- **SOURCE MATERIAL**:

========================

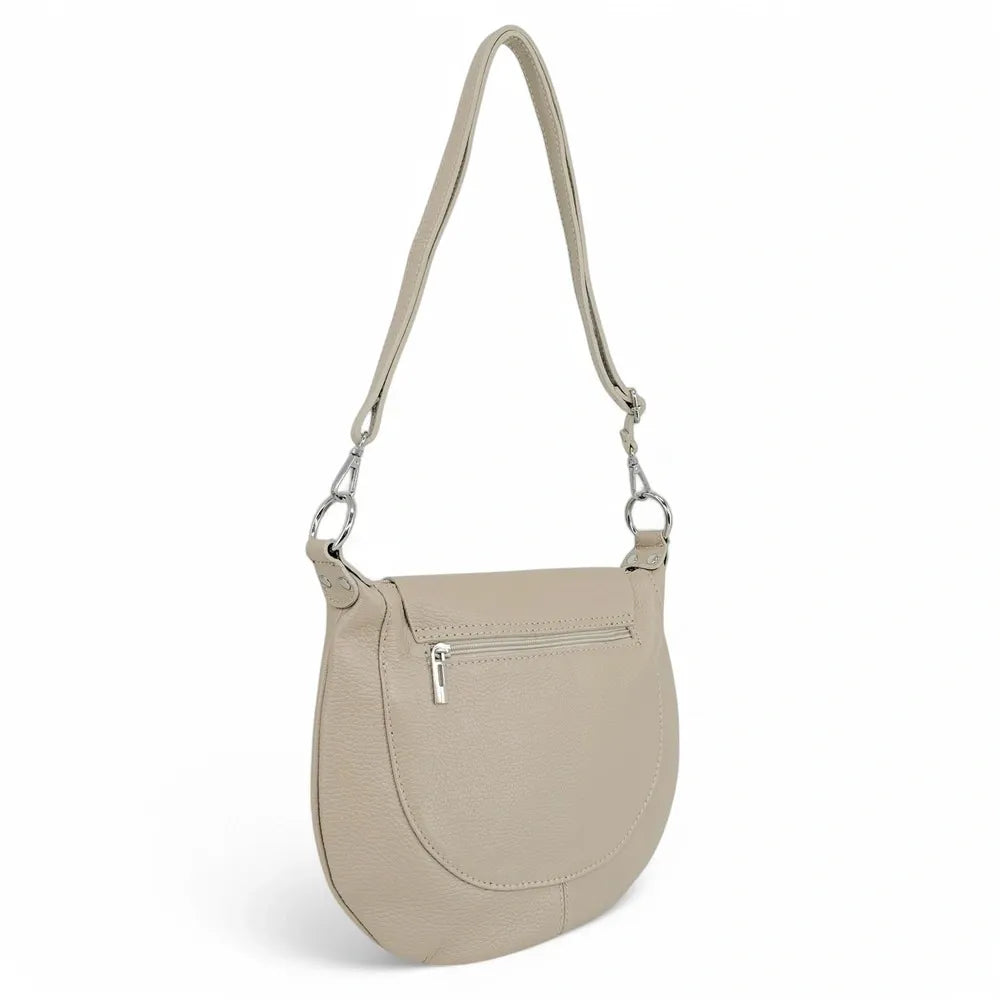 Sac besace à bandoulière en cuir grainé NEW CITIZEN Beige crème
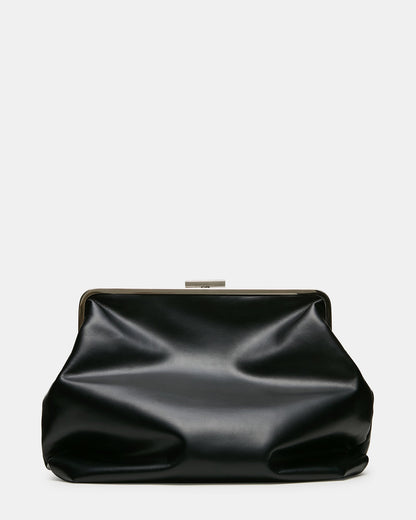 SEFINA Black Kiss-Lock Oversized Clutch Handbag | Steve Madden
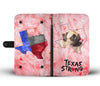 Pug On Pink Print Wallet Case-Free Shipping-TX State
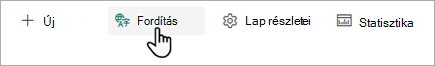 Képernyőkép, amelyen látható, hogy hol kezdheti el egy SharePoint-lap fordítását.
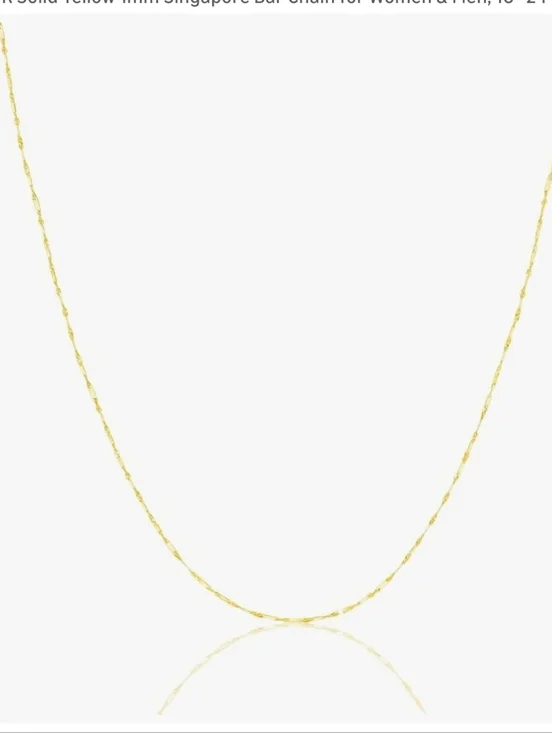NIB 14K Solid Yellow 1mm Singapore Bar Chain 20" - Picture 4 of 14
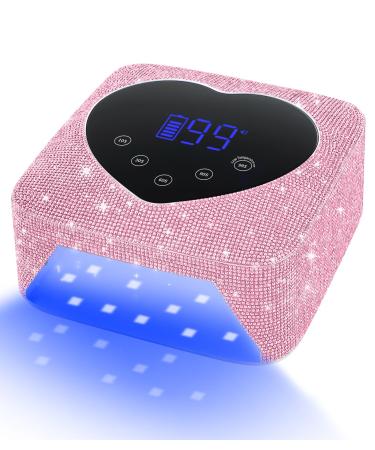 UV Light for Nails 74W Cordless Rechargeable UV Nail Lamp Fast Nails Dryer Curing Lamp for Salon & Home Gel Nail Polish UV Light with 5 Timer Setting Touch Control & Auto Sensor Pink Diamond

========================

- **YOUR ASSIGNMENT**:
Leave the pictures out and retype only the lines from the line with "SEFINA Black Kiss-Lock" through the final line of the material, both ends included, word for word.

- **EXERCISE SOLUTION**:
 SEFINA Black Kiss-Lock Oversized Clutch Handbag | Steve Madden
 Pug On Pink Print Wallet Case-Free Shipping-TX State
 Képernyőkép, amelyen látható, hogy hol kezdheti el egy SharePoint-lap fordítását.
NIB 14K Solid Yellow 1mm Singapore Bar Chain 20" - Picture 4 of 14
 UV Light for Nails 74W Cordless Rechargeable UV Nail Lamp Fast Nails Dryer Curing Lamp for Salon & Home Gel Nail Polish UV Light with 5 Timer Setting Touch Control & Auto Sensor Pink Diamond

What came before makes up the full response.